Gifts should celebrate the bond between two people, so we should design experiences that unlock and explore this natural yet powerful desire to connect, physically or digitally.
https://knackshops.com offers a great example of how to do it well.
In our product choices, we humans crave a complex mix of familiarity and newness. We know what we like, but we're also keen to seek out new experiences. Brands should embrace this, offering a small range of product choices that are either immovable, or variable.
UK eatery Honest Burgers do a great job here, providing a small number of always-on-the-menu burger options alongside other burgers that change by month or by store location.
Where can you provide this mix in the product choices you present to users? First, define what products or features should *never* change.
Second, how you can encourage curiosity and exploration with new ideas, driven by cross-brand collaboration, season or a new technology or ingredient, for instance?
There are many ways to convey scarcity. If you have a range of products that are all similar in certain characteristics, consider exploring how a limited edition can feel especially valuable through the use of contrast. This contrast can come in a variety of ways.
For example, consider visual contrast, launching a rare black item amongst an otherwise white collection, for instance. What visual characteristics do your family of products all possess? How might you play with these consistencies and offer something unique that breaks the mold on purpose to get peoples' attention?
Alternatively, consider contrast in manufacture, whereby scarcity and uniqueness is inferred by the methods used to create the product. A good example of this is Swedish gourmet liquorice maker Lakrids by Bülow.
For their 14th anniversary, they produced a limited run of "slow crafted" liquorice, based on an original recipe by the founder back in 2007. Both the process and the resulting sweet (with its textures and flavours) are distinct from the vast array of other products it sells, creating an enchanting, hard to acquire product that really celebrates the high end credentials of the brand.
Where can you use contrast both dramatically and sparingly to harness the unique power of your brand along with its consistencies and processes?
Allowing customers to tailor your product to their needs is central to feelings of meaningful ownership and long-term attachment to the brand.
However, if you allow for an IKEA effect in your product, how can you underline its uniqueness in your messaging? Letting customers know what is uniquely theirs and no-one else's will enrich the creative process further and heighten perceived value.
Too much choice can overwhelm, heightening feelings that we've not made the best choice, whatever we choose. This is especially the case for those unfamiliar with a product range or market. And with every choice added, this lack of confidence worsens.
At the same time, a sensible amount of well-designed choice allows companies to provide consistently for a range of clearly-distinct tastes. For instance, offering one option for newcomers and another couple for pro customers would allow people to both easily get started and progress with your range.

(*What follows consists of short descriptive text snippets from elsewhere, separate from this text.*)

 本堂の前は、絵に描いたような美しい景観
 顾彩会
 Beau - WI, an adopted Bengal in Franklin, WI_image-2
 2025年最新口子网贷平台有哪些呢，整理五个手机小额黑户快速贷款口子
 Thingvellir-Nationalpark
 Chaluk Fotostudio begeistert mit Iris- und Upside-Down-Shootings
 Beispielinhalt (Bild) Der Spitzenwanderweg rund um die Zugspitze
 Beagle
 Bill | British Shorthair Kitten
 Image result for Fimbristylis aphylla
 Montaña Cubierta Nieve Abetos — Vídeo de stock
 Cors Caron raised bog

Set a high bar around expectations of just how much value each product adds to the range. How can you design a carefully-considered range of choices to create clarity, ease of comparison and therefore purchase?

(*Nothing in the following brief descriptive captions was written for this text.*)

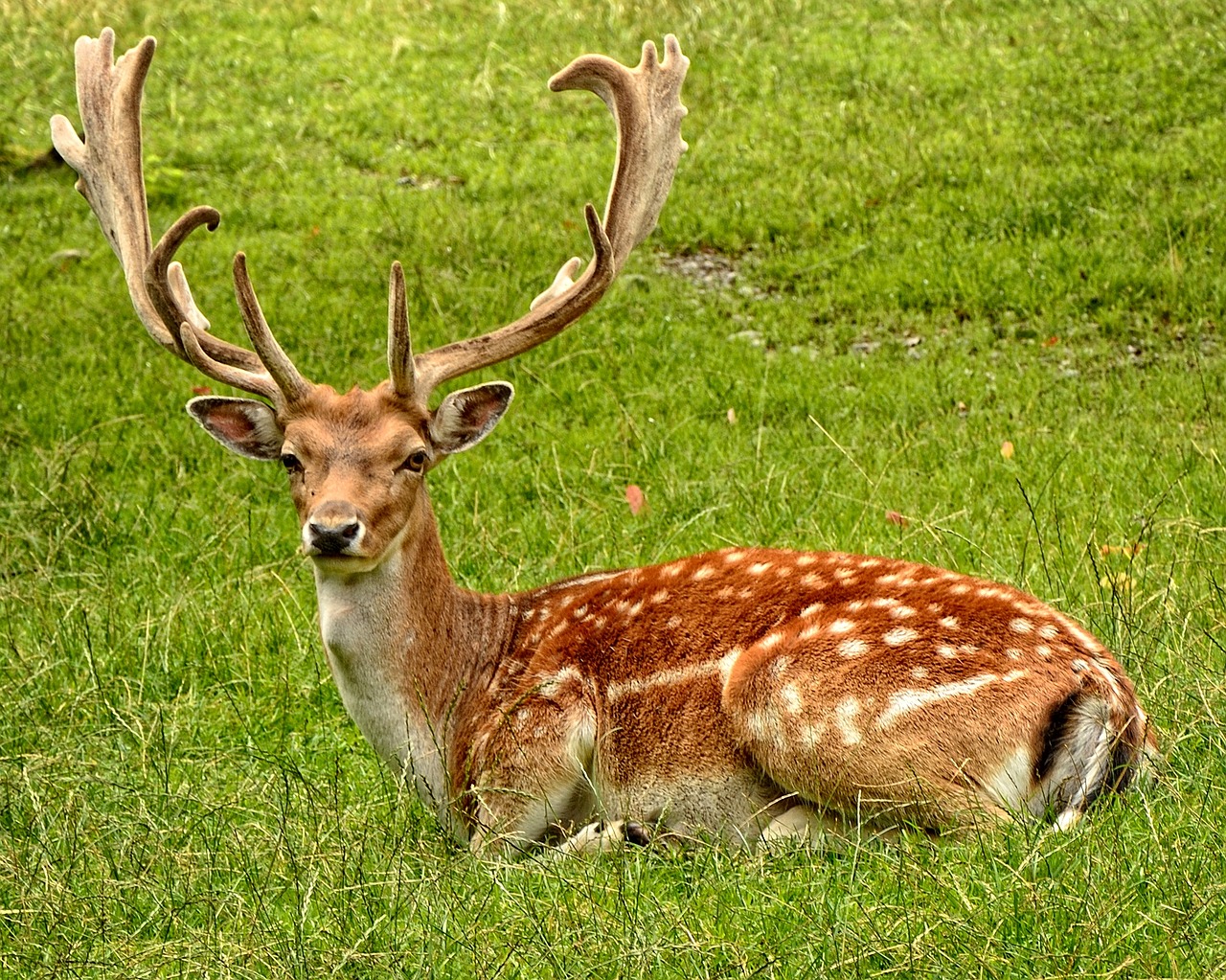 Antler, Alkūnės Vežėjas, Paprastosios Elnies, Hirsch, Dama Dama, Patinas, Laukinis Gyvūnas, Miškas, Pieva, Gamta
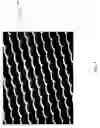 Fig. 02 - RETRO-EMISSION SYSTEMS COMPRISING MICROLENS ARRAYS AND LUMINESCENT EMITTERS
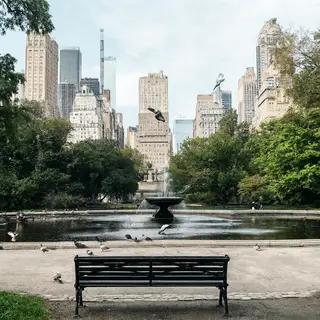 A city park with a park bench and pigeons in the foreground,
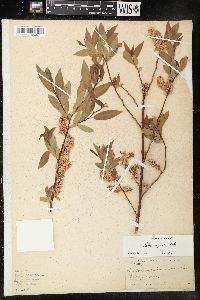 Salix rigida image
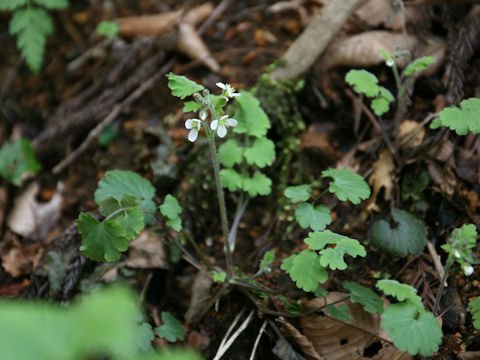 Cardamine tanakae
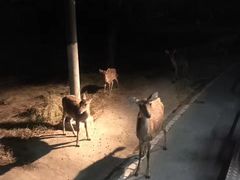 -清迈夜间动物园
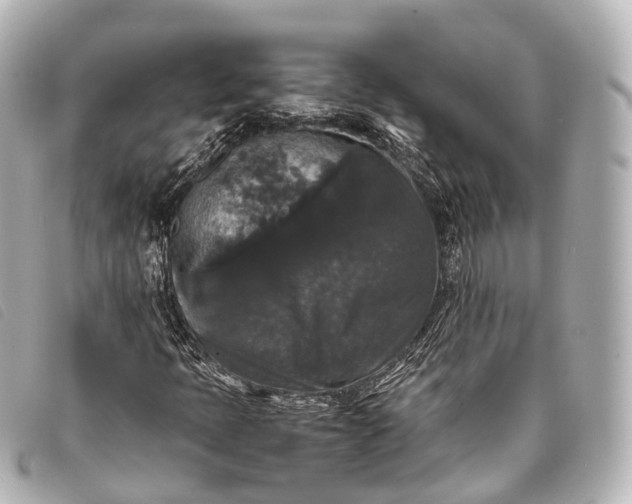 X0000093371397200710251143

Consider how your range is currently designed? How many options are there? Could it be simplified in any way? Even reducing the range by a small amount means that you're having consumers do less comparative cognitive processing.

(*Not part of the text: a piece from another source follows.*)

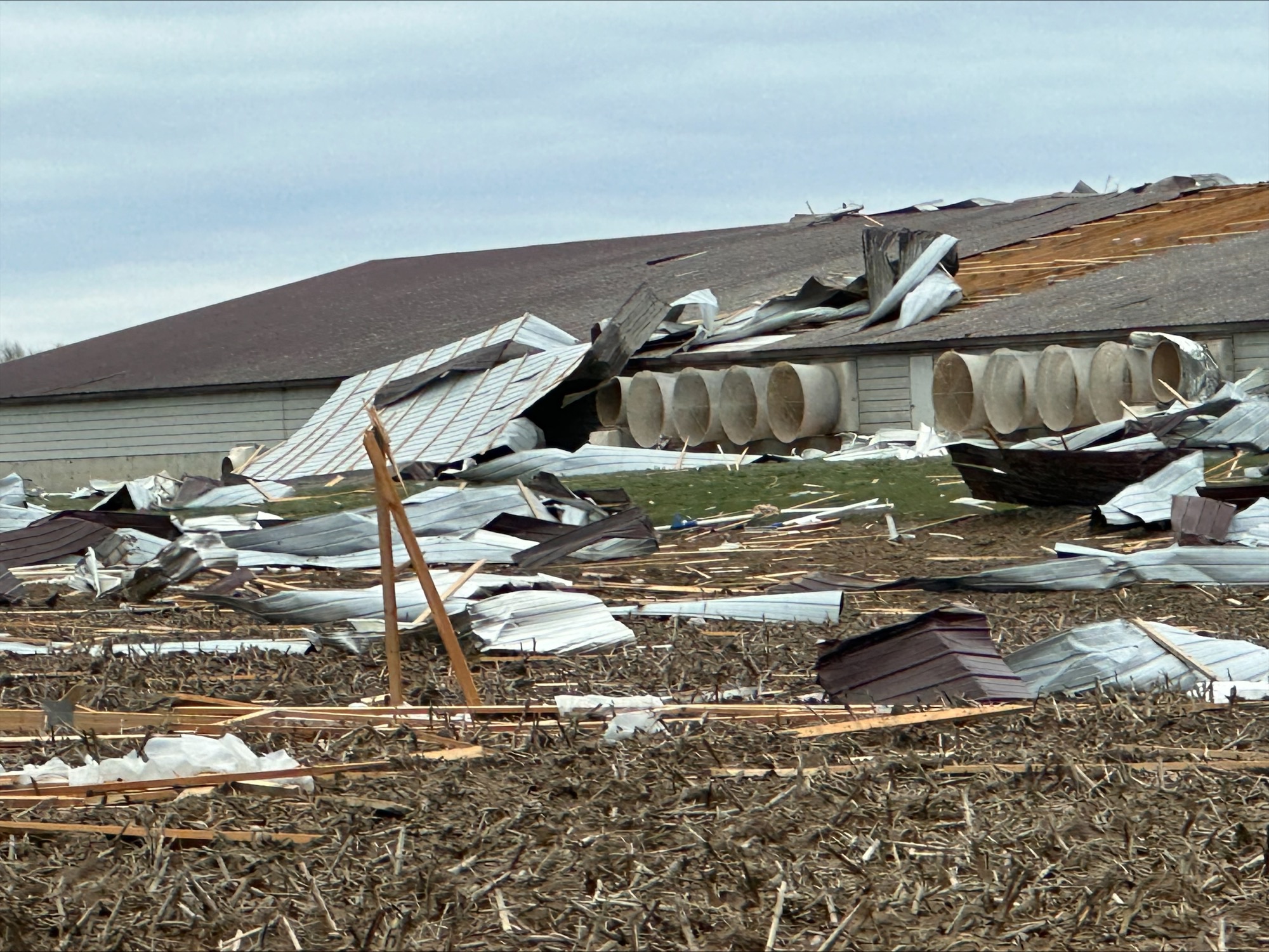 Swine barn damaged by tornado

Remember that a failure by your product team to do the hard work of simplifying bewildering choice once means your consumers will be doing this work every single time they see your range, increasing analysis paralysis, reducing choice confidence and ultimately leading consumers to associate your brand with confusion and stress. Then, when a competitor comes along with a clear set of choices, bewildered consumers will jump ship.
Don't let this happen to you. Offer a small number of choices that are distinct and easy to understand.